§ **What the task asks**:
The answer is all of the entries below, repeated exactly and free of pictures.

§ **Source data**:
*-*-*

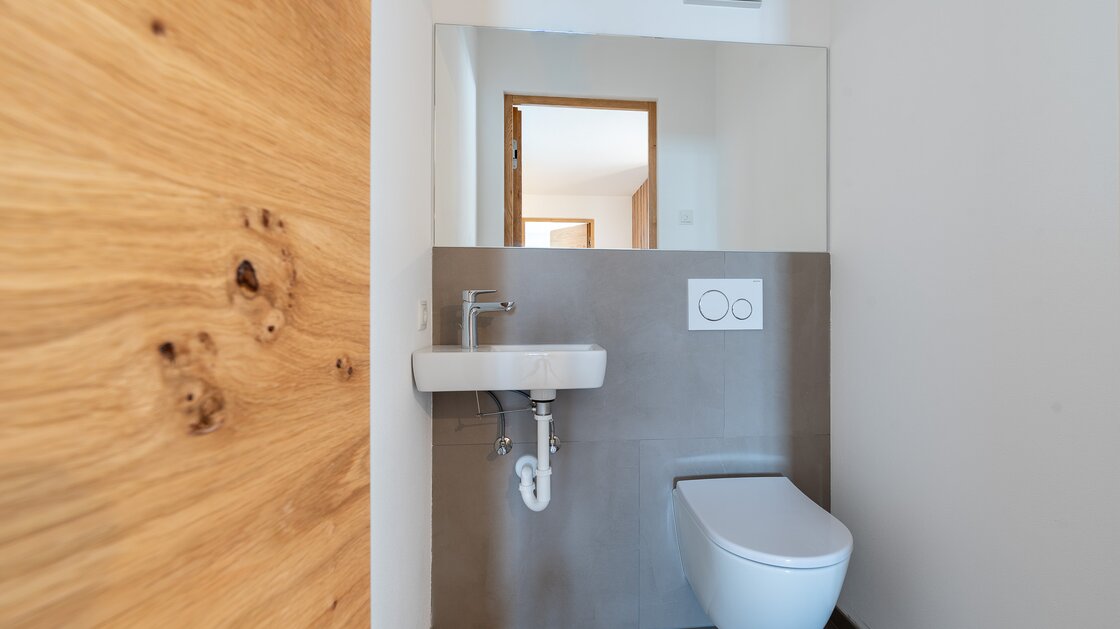 W2: Neue, große Vierzimmerwohnung mit Terrasse und Privatgarten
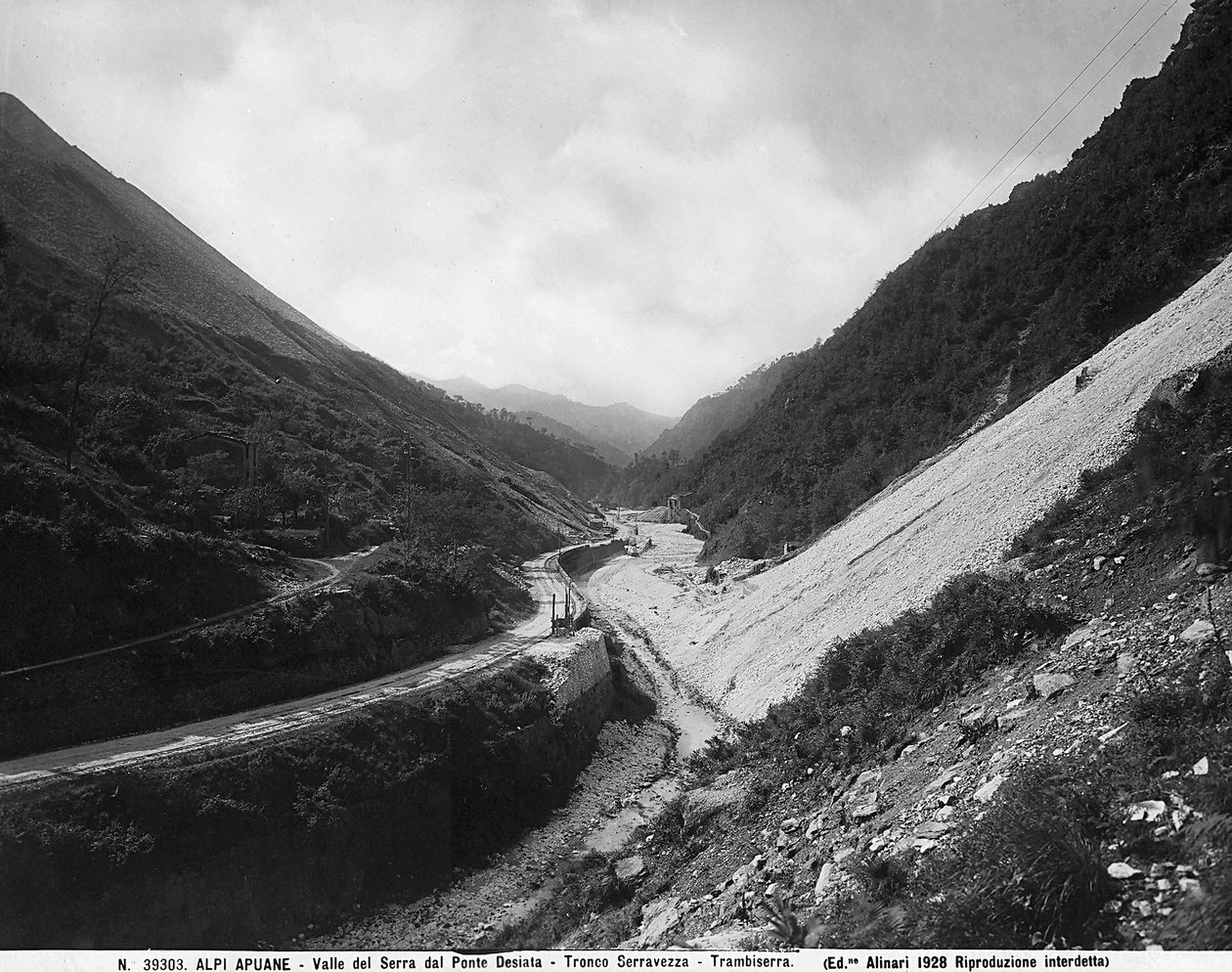 Udsigt over Valle del Serra fra Desiata-broen med marmorbruddene langs vejstrækningen Seravezza-Trambiserra i Apuane-alperne (s/h-foto) af Fratelli Alinari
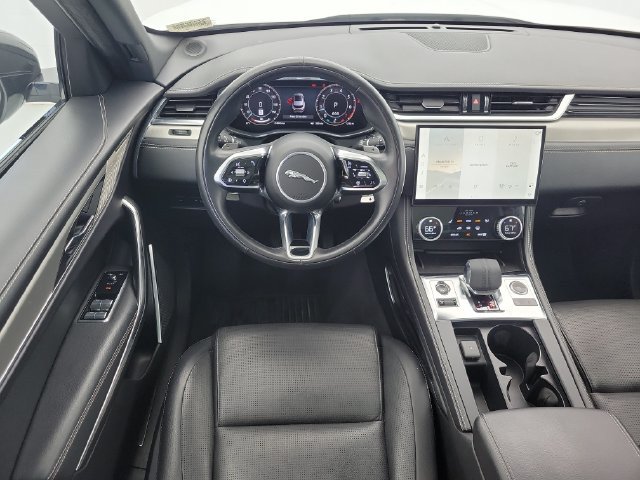 Used 2025 Jaguar F-PACE R-Dynamic S AWD/4WD image 15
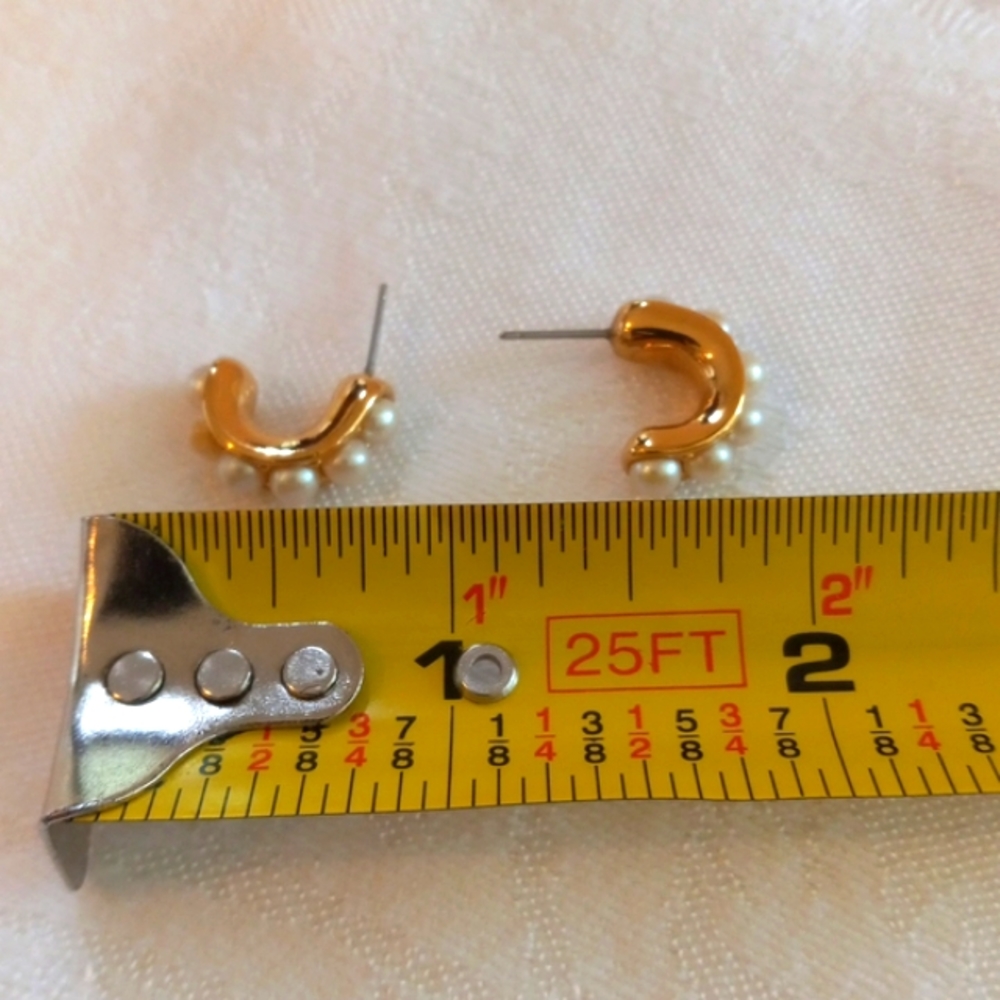 Monet Gold Tone Pearl Earrings - Picture 4 of 4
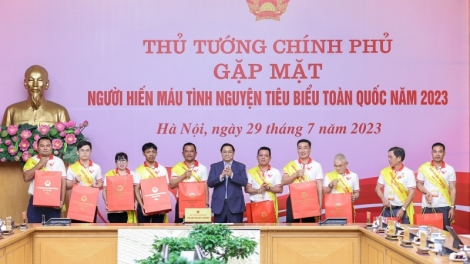 Thủ tướng: Bh’rợ đoọng aham n’jưah năc trách nhiệm, n’jưah năc râu k’đươi moon tơợ da dul âng zâp ngai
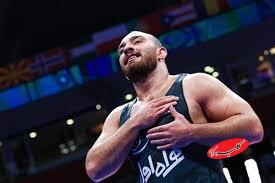 پوزخند امیرحسین زارع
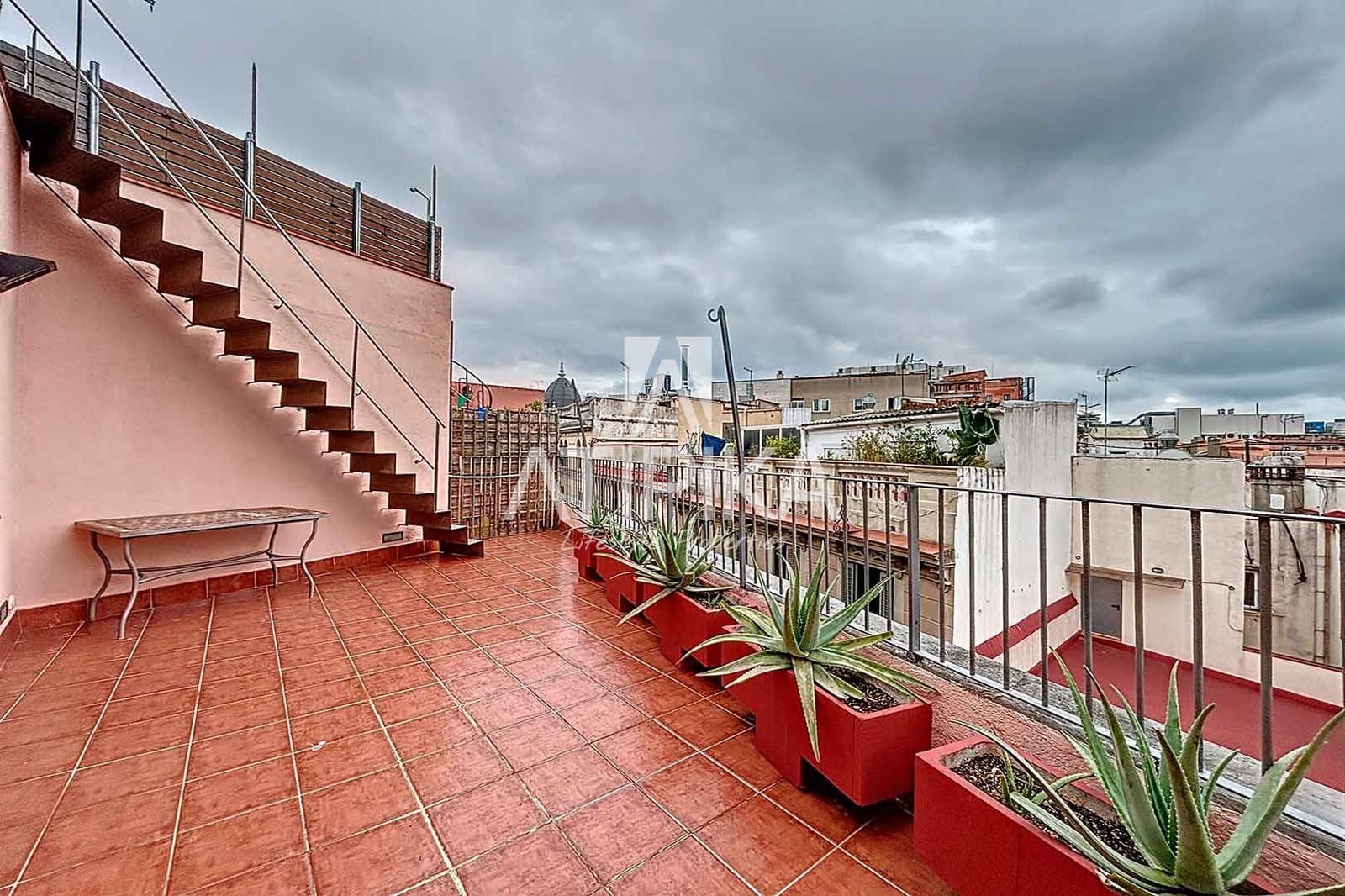 2 bedroom Office for rent in Barcelona city - € 2,100 (Ref: 9548708)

*-*-*

§ **Answer for the task**:
 W2: Neue, große Vierzimmerwohnung mit Terrasse und Privatgarten
 Udsigt over Valle del Serra fra Desiata-broen med marmorbruddene langs vejstrækningen Seravezza-Trambiserra i Apuane-alperne (s/h-foto) af Fratelli Alinari
 Used 2025 Jaguar F-PACE R-Dynamic S AWD/4WD image 15
 Monet Gold Tone Pearl Earrings - Picture 4 of 4
 Thủ tướng: Bh’rợ đoọng aham n’jưah năc trách nhiệm, n’jưah năc râu k’đươi moon tơợ da dul âng zâp ngai
 پوزخند امیرحسین زارع
 2 bedroom Office for rent in Barcelona city - € 2,100 (Ref: 9548708)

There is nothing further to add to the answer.